Verhuld of onverhuld was Augustinus Rousseaus schutspatroon. Vandaar ook de onvoorstelbaar grote aanhang voor dit extremisme van een romancier. Doorman noemt hem weliswaar, bekritiseert zijn Confessiones literair, maar ziet hem niet als afzetpunt waarop Rousseau zijn hoge vlucht bereikt. Niet alleen was ‘Augustinus’ populair in die tijd, zoals Doorman ook aangeeft, zijn meer extremistische geloofsartikelen zijn haast woordelijk bij Rousseau terug te vinden.
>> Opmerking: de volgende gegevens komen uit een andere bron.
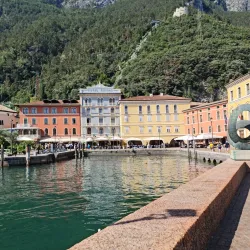 Torre Apponale - Riva del Garda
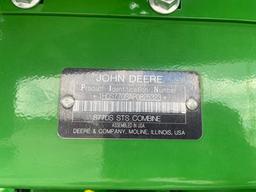 2023 JD S770 #1H0S770SAP0825323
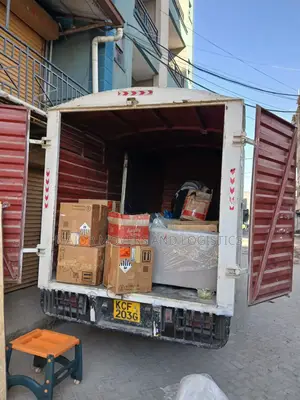Professional Packers and Movers in Ngong Road/Karen/Jamhuri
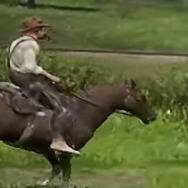 Cowboy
Het gebod om terug te keren in het zelf en “onze vroegere volkomen natuur” vindt men in deze woorden (sic; bij zijn zoektocht naar het begrip ‘natuur’ slaat Doorman Augustinus over) in De vera religione 46,88-89. Het aanleren van praktische zaken boven theorie, werkelijkheden boven woorden (‘van woorden leer je niks’) op p. 70 in De magistro 33 en 40. De kritiek op de verlooochening van het zef door de toneelspeler (en de kunsten) op p. 50 is in dezelfde formulering terug te vinden in Augustinus’ Soliloquia II,X,18. (Online te vinden allemaal.)

De filosoof R.F. Beerling bracht Rousseaus cultuurprotest met Augustinus in verband, Charles Taylor heeft dat gegeven uitgewerkt, in mijn Clio’s kerstening is het tekstmatig nog eens uitgediept. De eerste twee auteurs, de tweede zelfs veelvuldig, worden aangehaald door Doorman. Maar de ‘godsdienst’ van het Zelf, die leert dat gewoontes, invloeden uit overlevering gemeden moeten worden, komt er bij hem bekaaid vanaf.

Neem liever stelling tegen antihumanisme, dan het bij voorbaat al de hand te willen drukken. Het Augustijns/Rousseauaanse begrip van authenticiteit is, hoe je het ook wendt of keert, religieus in aanzet. Zoals Taylor het in zijn veelgeroemde The ethics of authenticity zegt: “La lotta continua.”